Hi guys! So…yeah. I have a Chuwi Minibook X N150 laptop that I’m testing around. Seems so far, so good regarding hardware support, with even the camera working on apps like the zoom flatpak. There’s one thing that keeps irking me though, and that’s the GRUB boot menu. It’s all rotated to the left (90º counter-clockwise). This is probably because they’re using some sort of tablet 1080p LCD screen. Once logged in, the acceleration sensors (took a couple of boots to get them working) take over, and determine what is up and down. At the SDDM login screen, I can handle it with a quick xrandr --output mydisplay --rotate right. But…GRUB? Seems grub ignores me.
I have tried by now things such as:
GRUB_CMDLINE_LINUX="video=efifb fbcon=rotate:3", or
GRUB_CMDLINE_LINUX="i915.fastboot=1 fbcon=rotate:3"
or even:
GRUB_FB_ROTATION=270
But so far, nothing sticks, and the screen remains locked at a 90 degree angle. Any ideas of what could I do to sort it out?
I have KDE Neon installed, which is an Ubuntu 24.04 so far.
Thanks!
GRUB loads before any kernel driven hardware module, so this machine is just working on the native orientation of the CMOS and Display at that point.
https://wiki.gentoo.org/wiki/Tallscreen_Monitor
Seems to suggest that the fbcon argument should work, but which version of Grub you’re using matters. Make sure you update initd if using Grub2.
It seems update-grub does update initd in the process. But…yeah, it seems to continue to ignore my GRUB_CMDLINE_LINUX line. I also tried the gentoo way of your wiki, running grub-mkconfig instead of just update-grub. But after updating and going for a reboot, it still didn’t do much.
Hey sorry to thread-jack I looked everywhere for this info but couldn’t find it:
Can you upgrade RAM and storage in this device?

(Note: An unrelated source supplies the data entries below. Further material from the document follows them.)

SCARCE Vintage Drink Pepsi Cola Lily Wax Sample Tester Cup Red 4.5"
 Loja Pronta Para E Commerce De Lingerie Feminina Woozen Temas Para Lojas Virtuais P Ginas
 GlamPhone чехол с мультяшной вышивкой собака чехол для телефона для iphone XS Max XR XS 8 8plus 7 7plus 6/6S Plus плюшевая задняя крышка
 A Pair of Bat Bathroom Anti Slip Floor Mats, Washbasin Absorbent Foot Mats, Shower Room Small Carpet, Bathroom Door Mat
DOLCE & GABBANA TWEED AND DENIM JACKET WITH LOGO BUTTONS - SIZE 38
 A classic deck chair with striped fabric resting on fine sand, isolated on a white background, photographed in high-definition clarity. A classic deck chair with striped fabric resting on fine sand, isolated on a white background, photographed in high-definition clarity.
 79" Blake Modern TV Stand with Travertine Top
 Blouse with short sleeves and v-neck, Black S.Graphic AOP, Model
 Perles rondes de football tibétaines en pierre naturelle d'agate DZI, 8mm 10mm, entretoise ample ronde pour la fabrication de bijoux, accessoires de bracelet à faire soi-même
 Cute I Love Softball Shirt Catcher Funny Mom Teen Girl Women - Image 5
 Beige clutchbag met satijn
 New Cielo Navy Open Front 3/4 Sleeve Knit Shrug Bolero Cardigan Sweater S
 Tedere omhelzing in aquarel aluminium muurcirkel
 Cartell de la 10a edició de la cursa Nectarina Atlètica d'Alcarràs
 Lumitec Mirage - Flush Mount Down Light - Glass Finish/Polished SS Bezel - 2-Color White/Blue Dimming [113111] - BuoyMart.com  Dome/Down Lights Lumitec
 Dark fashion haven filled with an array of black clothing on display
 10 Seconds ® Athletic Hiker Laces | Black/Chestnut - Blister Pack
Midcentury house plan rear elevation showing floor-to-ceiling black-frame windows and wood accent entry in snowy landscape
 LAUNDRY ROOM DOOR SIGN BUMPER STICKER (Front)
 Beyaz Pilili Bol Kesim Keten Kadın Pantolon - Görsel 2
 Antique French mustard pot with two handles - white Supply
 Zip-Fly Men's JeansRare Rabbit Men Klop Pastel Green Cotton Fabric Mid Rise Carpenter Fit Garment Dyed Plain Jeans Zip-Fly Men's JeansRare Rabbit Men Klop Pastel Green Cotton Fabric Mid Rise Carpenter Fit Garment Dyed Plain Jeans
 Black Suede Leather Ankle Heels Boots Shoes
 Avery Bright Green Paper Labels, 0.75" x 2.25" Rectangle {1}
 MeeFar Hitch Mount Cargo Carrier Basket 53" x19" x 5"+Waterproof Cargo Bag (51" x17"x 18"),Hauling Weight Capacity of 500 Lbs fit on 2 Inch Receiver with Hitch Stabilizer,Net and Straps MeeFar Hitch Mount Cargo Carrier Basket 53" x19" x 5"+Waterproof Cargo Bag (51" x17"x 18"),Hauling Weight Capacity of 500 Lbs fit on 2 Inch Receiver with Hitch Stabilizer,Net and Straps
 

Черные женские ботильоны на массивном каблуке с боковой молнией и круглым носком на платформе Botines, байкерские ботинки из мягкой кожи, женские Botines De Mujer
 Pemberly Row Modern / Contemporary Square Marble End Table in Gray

I…don’t think so. I believe it is soldered, but I haven’t opened it yet. But they just released a new version (for a higher price though), this version finally comes with 16GB of RAM (not the odd 12GB), 512GB SSD and a N150.
Storage yes, ram no.
(Single side NVMe or it’s too tight)
Create an Xorg config and add the following lines to the file:
sudo nano /etc/X11/xorg.conf.d/30-monitor.conf
Section “Monitor” Identifier “DSI-1” Option “rotate” “right” EndSection
Update GRUB so the changes are applied: sudo update-grub or sudo update-grub2, whichever works on your machine. Then reboot. This fixed the problem for me on the minibook running kubuntu.
Thanks! This is the first time i see this option. I’m not sure how this might work, as grub starts way before invoking X11, the way I understand it. But the panel is indeed labeled DSI-1. That said, I created the file but seems not to work. Is the line
Option "rotate" "right"Just like that? It didn’t seem to do anything after running update-grub and rebooting.

Omg I have the exact same laptop and have had the exact same issue. Apparently there is a quirk downstream to fix it in the kernel. I had best experience with Fedora and just disabling Plymouth and use no gui for decrypt. I think Grub is ok for me. DM me if you like and want me to check anything specific when I get home so we can compare notes.